Here’s a commentary on one of AlphaGo’s games against the European champ.


Really enjoyed this explanation, thanks.


An update: the Lee Sedol-AlphaGo games will be played starting on Wednesday at 1pm Korea time, or 11pm the night before Eastern time (so tomorrow). The schedule is for March 9th, 10th, 12th, 13th, and 15th, all with the same start time.

The matches will be played with two hours of main time, plus three sixty-second byo-yomi periods, which is about twice as much time as AlphaGo had when it beat Fan Hui. I’m not altogether sure this was wise on Lee Sedol’s part—AlphaGo did better against Fan Hui with increasing time. (Fan Hui won some games quickplay, but lost all of the longer time-control games.) Then again, Lee may feel he’s a better player with thinking time than on a blitz clock. As a final potential spoiling factor, Lee Sedol just lost a major match today, and that may throw him a little going into Wednesday.

Anyway, I’ll be watching the first game, or at least part of it. (EST is not friendly to Korea time.) I fully expect that GoGameGuru or someone else will have a commentary as soon as the first game is over, and I’ll probably have some remarks after the first game or two.


If it’s broadly the same program and set of training data as last time, I’m going to predict a 5-0 sweep by Lee Sedol. However, it’s possible they’ve done some serious work on AlphaGo and its training data,which I believe was entirely from amateur games, or they held something back from the previous version. In that case, maybe it could be 4-1 or 3-2 to Sedol with some very narrow margins of victory. But I think people expecting AlphaGo to win again vastly underestimate the difference between the European champion and a top Korean professional. I’ve played a lot of Starcraft, I’m under no such illusions :P.

And if I’m wrong, I for one welcome our new AI overlords.


I’m expecting a 3-2 or 4-1 win for AlphaGo, myself, unless Lee Sedol finds a repeatably exploitable weakness. We’ll see, though, and the first game should be telling. I’ll be liveblogging the first two or three hours of the broadcast, if you can’t catch the broadcast or would prefer a kinda-real-time text recap tomorrow.


Looks like AlphaGo has gotten better and won the first game handily. This is really a remarkable demonstration of the wider applicability of neural networks and a validation of them as a model for human thinking.


I agree with “wider applicability”, but I think the types of networks they are using are a very very loose model of the brain.
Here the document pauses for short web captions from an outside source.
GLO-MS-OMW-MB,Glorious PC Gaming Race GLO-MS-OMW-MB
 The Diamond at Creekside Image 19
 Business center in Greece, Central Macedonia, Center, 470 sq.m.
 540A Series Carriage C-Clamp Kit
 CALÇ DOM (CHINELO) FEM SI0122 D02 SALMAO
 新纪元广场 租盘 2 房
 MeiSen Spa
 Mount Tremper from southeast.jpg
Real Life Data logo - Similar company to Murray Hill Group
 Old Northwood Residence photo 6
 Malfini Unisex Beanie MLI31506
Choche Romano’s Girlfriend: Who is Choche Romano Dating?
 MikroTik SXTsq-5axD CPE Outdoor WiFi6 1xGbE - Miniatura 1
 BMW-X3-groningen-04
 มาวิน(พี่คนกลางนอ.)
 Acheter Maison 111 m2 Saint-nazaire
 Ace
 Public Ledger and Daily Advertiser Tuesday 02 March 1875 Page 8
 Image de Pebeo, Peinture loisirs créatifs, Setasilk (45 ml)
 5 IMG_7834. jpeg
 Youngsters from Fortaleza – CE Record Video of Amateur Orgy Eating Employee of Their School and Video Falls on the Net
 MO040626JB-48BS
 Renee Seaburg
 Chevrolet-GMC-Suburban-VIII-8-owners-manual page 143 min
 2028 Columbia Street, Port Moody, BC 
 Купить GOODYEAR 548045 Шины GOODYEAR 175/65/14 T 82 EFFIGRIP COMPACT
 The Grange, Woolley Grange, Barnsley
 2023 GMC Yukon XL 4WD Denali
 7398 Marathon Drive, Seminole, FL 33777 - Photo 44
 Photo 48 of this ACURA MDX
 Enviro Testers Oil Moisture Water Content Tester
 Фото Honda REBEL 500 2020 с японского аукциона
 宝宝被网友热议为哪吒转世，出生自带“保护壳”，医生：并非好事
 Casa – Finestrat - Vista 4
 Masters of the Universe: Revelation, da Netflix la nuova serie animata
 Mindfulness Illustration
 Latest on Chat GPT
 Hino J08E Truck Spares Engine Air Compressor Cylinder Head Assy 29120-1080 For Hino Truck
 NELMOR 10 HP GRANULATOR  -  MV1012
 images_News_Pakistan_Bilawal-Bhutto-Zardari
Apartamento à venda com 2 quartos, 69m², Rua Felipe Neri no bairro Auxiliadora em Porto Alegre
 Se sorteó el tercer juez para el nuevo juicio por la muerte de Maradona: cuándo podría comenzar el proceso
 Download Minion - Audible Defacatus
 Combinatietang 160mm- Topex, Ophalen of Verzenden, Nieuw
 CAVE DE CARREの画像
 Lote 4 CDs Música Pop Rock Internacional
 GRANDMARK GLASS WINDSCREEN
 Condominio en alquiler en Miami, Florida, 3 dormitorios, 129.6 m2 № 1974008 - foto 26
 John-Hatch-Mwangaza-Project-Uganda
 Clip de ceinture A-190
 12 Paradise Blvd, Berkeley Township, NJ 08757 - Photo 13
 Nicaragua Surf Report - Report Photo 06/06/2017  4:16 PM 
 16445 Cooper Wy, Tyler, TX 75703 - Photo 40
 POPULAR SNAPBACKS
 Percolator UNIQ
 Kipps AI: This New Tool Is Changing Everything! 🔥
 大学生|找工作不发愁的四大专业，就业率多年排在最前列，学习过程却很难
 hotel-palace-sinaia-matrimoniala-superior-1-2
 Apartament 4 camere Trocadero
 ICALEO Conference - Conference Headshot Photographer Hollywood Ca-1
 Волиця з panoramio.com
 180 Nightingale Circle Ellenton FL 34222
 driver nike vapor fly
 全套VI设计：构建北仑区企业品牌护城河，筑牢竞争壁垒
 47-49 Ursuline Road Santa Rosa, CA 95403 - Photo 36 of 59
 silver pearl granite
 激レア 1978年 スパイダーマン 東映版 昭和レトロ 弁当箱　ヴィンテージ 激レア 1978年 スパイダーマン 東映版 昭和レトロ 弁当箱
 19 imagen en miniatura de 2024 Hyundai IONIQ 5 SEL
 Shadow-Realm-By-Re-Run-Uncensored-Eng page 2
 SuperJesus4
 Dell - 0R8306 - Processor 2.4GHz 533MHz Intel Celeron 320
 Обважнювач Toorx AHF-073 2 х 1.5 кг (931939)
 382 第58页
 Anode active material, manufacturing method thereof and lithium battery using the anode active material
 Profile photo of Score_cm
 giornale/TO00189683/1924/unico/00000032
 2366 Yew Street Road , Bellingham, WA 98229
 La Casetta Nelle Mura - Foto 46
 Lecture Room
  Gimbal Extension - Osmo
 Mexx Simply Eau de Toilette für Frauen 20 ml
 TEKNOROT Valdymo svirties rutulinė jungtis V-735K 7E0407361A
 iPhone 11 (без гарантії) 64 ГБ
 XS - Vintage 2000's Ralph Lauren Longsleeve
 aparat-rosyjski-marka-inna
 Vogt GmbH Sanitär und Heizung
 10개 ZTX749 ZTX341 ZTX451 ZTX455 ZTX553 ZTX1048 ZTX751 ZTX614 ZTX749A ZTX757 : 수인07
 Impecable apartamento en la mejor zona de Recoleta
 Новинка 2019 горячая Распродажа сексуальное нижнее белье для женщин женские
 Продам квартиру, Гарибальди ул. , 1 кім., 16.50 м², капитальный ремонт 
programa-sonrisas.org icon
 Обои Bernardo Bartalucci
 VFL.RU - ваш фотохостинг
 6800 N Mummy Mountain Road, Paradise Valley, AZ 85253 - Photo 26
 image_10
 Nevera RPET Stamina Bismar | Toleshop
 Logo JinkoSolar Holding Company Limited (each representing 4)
So I think they show that the architecture doesn’t have to be terribly similar to come up with powerful results.


Mike is right: neural networks are much more a model for generic machine learning than a model for the human brain, but nevertheless it’s an awesome pattern that seems to be opening up whole new fields in AI design.

I wrote up my thoughts from the first game. The liveblog probably won’t be back until the last match of the series. I don’t have that many 2:45am nights in me.


I know it’s just one game but what an achievement.


In an hour and twenty minutes, we’ll see if it can be repeated. Lee played an unorthodox early game, perhaps in the hopes of throwing AlphaGo off, so I’m very curious to see his opening tonight, even though I probably shouldn’t stay up again. (Kevin, I envy you and your more suitable timezone!)


AlphaGo won again last night to go up 2-0. I’ll post a link to the game when I get into work.


It’s amazing to me how broadly applicable these networks seem to be. Also, I think there is evidence that these aren’t the only architectures that can succeed. The changes that allowed the networks to do well in object recognition were fairly fine-scale, engineering level things (over what came before) that basically helped avoid the over-fitting problem. Increased computing resources and data seems to be the main enabling factor. So you’d have to expect that there is a lot more to come.


Here’s the game replay, or you can go to DeepMind’s Youtube channel and watch the stream. The replay has decent commentary in the chat window, albeit from strong amateur players rather than pros. You can also find some remarks from An Younggil, GoGameGuru’s resident pro, in the comment thread. I’m watching the game now, myself. >.>